Pesek on Asia: 89 Billion Reasons
Good morning. Here's my take on some of the stories driving the debate in politics, finance and social issues across Asia today:
Asia's $89 billion loss is no one's gain
Neglecting the so-called weaker sex is obviously bad economics. In Asia's case, the numbers are appalling: According to the United Nations, gender discrimination accounts for an eye-popping loss of $89 billion a year in unrealized output. That figure should be used early and often to shame Asian leaders into empowering women. A region struggling to raise many of its nearly 3 billion people out of poverty can't afford to squander roughly the annual gross domestic product of Slovakia. Simon Ogus of consultancy firm DSGAsia calls Asia’s failure to tap the potential of educated women a “self-inflicted wound.” It's completely unnecessary, too.
Why U.S shutdown has India worried
As Americans wring their hands over lawmakers in Washington allowing their government to shut down, investors in far off places are assessing the fallout. Nearly 8,000 miles away in Mumbai, India's stock punters are bracing for reduced capital inflows from the world's biggest economy. The world has grown used to political dysfunction in Washington. But self-imposed financial gridlock that has a chilling effect on the world economy? Not so much. Indian markets avoided a big stumble today on news the nation's current-account gap widened by less than economists forecast. Tomorrow could be a very different story.
Will Tokyo Olympics empower Japan's right?
American-turned-Japanese author and activist Debito Arudou is a constant thorn in the side of nationalist politicians. His blog items and columns pull no punches and his latest, headlined "Triumph of Tokyo Olympic Bid Sends Wrong Signal to Japan’s Resurgent Right," is raising blood pressures in Nagatacho, Tokyo’s Capitol Hill. But his concerns that euphoria over the Olympics will detract attention from the nuclear crisis in Fukushima and rebuilding efforts in earthquake-ravaged Tohoku are widely shared in Japan. His warning that hosting the 2020 Olympics will encourage Japan to flex its muscles in a tense North Asia deserves equal attention.

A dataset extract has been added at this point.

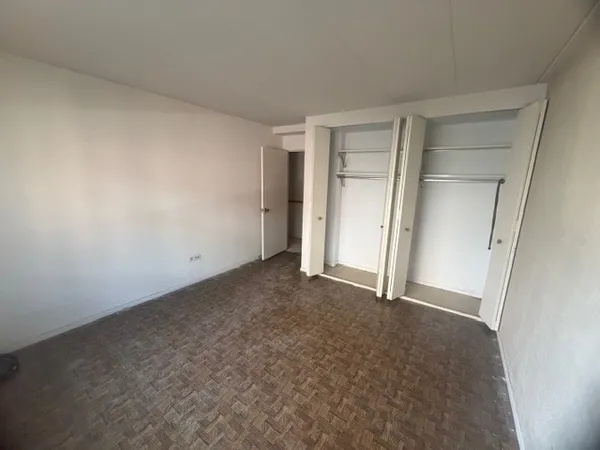 a view of a balcony with a floor to ceiling window and wooden floor
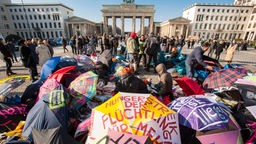 Zwei Demonstrantinnen sitzen vor dem Brandenburger Tor und halten ein Spruchband mit der Aufschrift &#8222;hiergeblieben&#8220;.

International executives, meet Chairman Mao
For all the talk of China racing forward, many elements of its political culture appear to be moving backward. Beijing's ever-expanding crackdown on the Internet is the most obvious example. But the Wall Street Journal has an interesting piece on how the biggest multinational companies are running into Mao Zedong-era politics. It details how China's intensifying crackdown on corruption and price-fixing has taken on an anti-foreigner edge. Sure leaves you wondering whether China is declaring war on the companies it once wooed. Worse, it suggests Beijing is more interested in weeding out graft among expatriate executives than the Chinese ones doing business with them.
Thailand quietly pulls out of the red
As investors debate which economies are vulnerable to another 1997-like crack up, Thailand is quietly taking itself off the list. It posted a convincingly large current-account surplus for August -- $1.3 billion -- and should benefit from renewed capital inflows. Challenges still abound for Prime Minister Yingluck Shinawatra, including reducing budget-busting subsidies on rice and other commodities. But by shoring up its economy ahead of the Federal Reserve's monetary tapering process, Thailand is confounding naysayers and setting the stage for healthier growth.